Exercise: Drop every picture, then repeat the records exactly.

Records for this exercise:

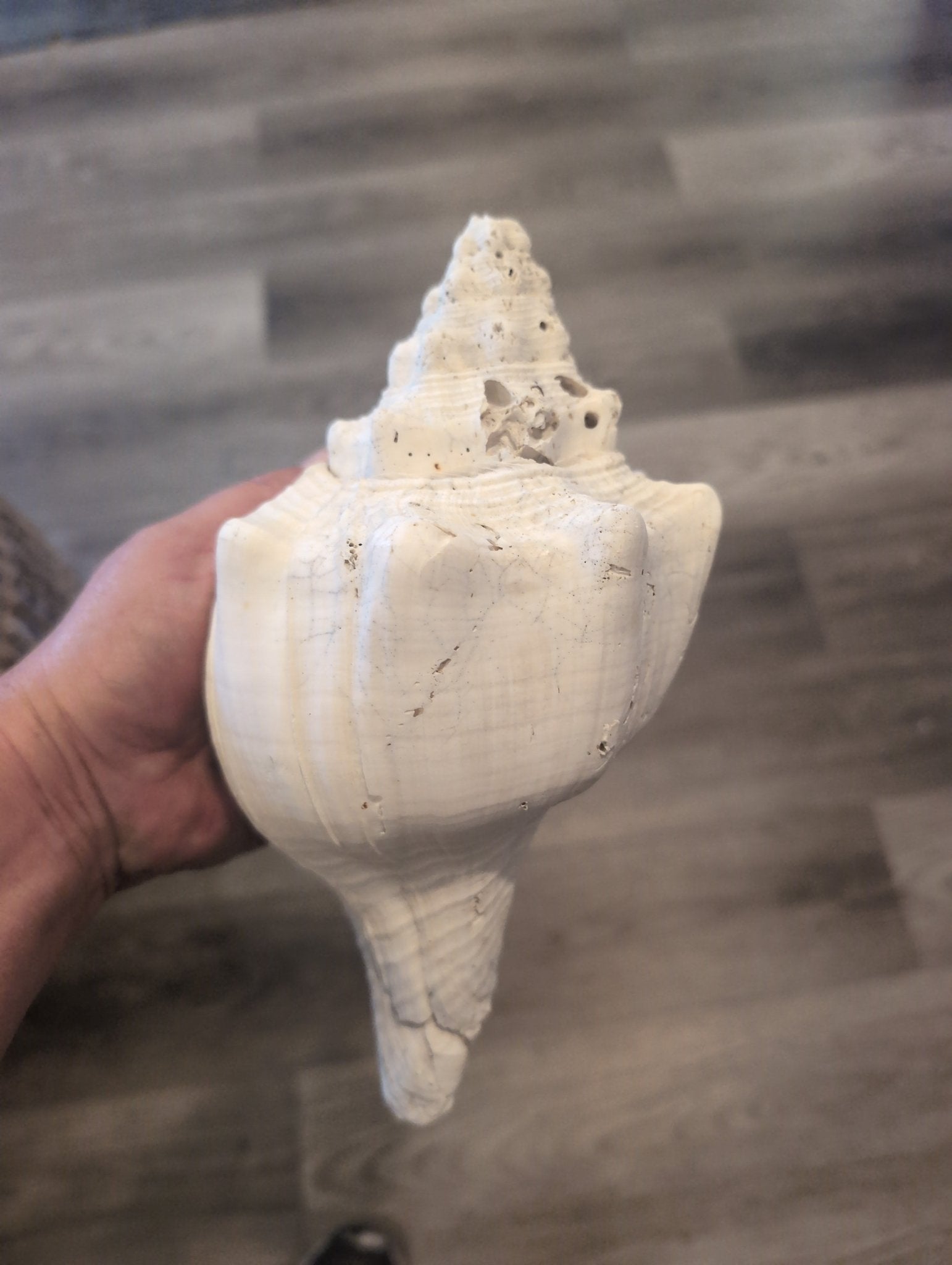 Raw Chank Shell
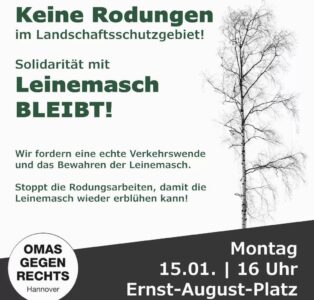 Keine Rodungen im Landschaftsschutzgebiet – Solidarität mit Leinemasch BLEIBT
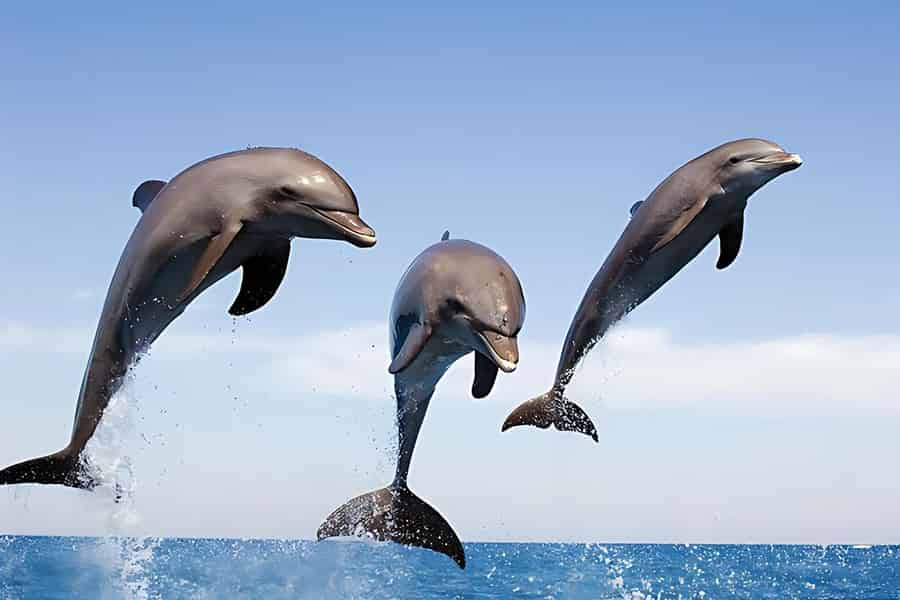 Hurghada: Bootstour zur Delfinbeobachtung mit Schnorcheln und Mittagessen. Foto: GetYourGuide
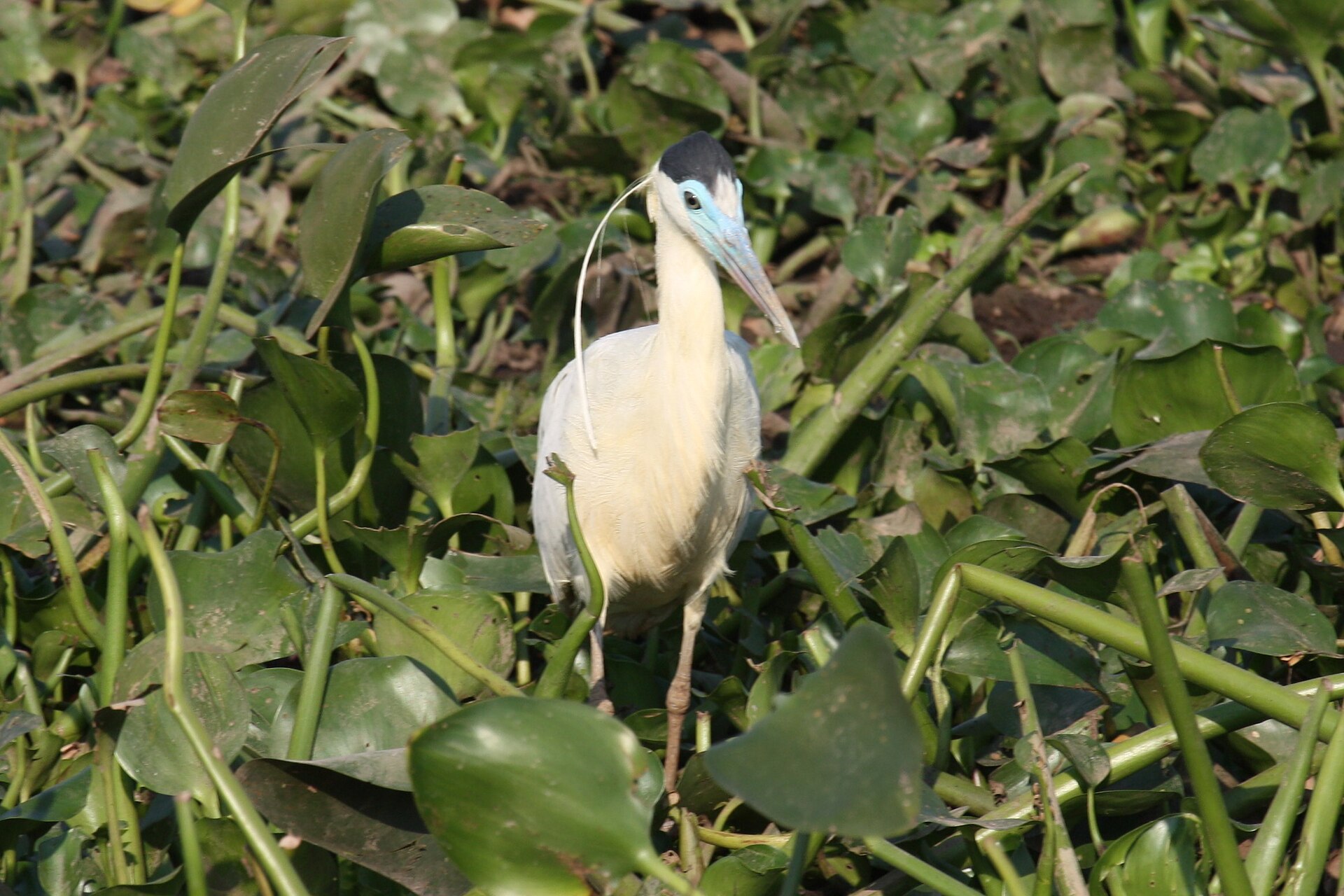 Capped Heron Capped Heron (Pilherodius pileatus)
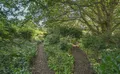 Property image gallery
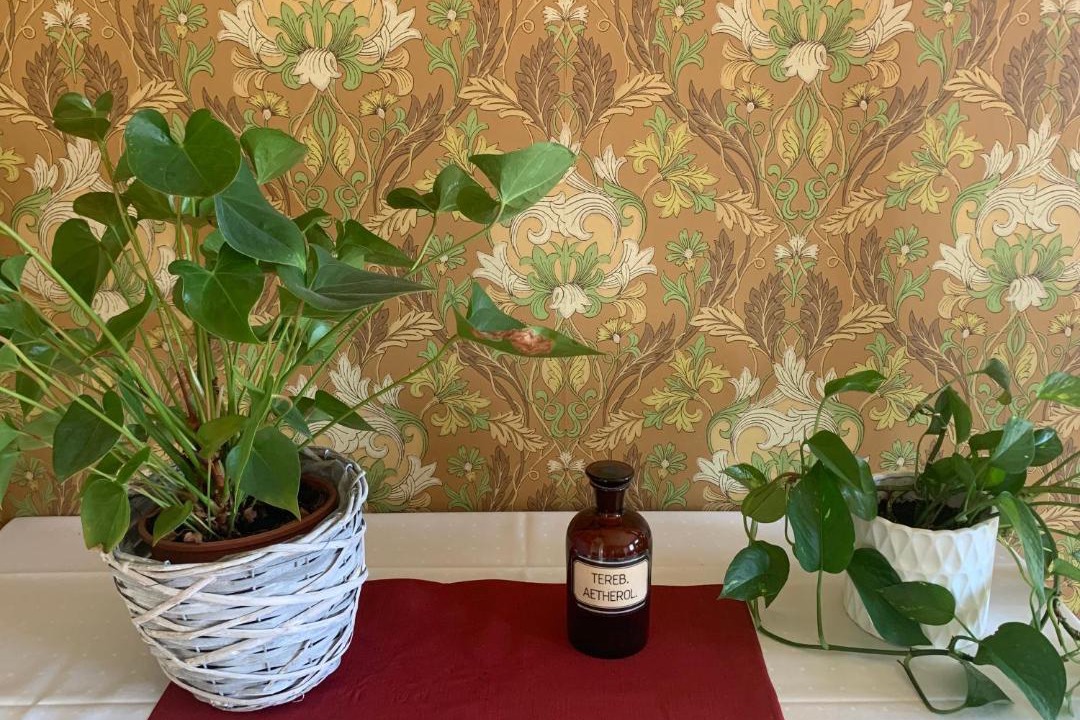 Photo of Others in Kerimaki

Written response:
 Raw Chank Shell
 Keine Rodungen im Landschaftsschutzgebiet – Solidarität mit Leinemasch BLEIBT
 Hurghada: Bootstour zur Delfinbeobachtung mit Schnorcheln und Mittagessen. Foto: GetYourGuide
 Capped Heron Capped Heron (Pilherodius pileatus)
 Property image gallery
 Photo of Others in Kerimaki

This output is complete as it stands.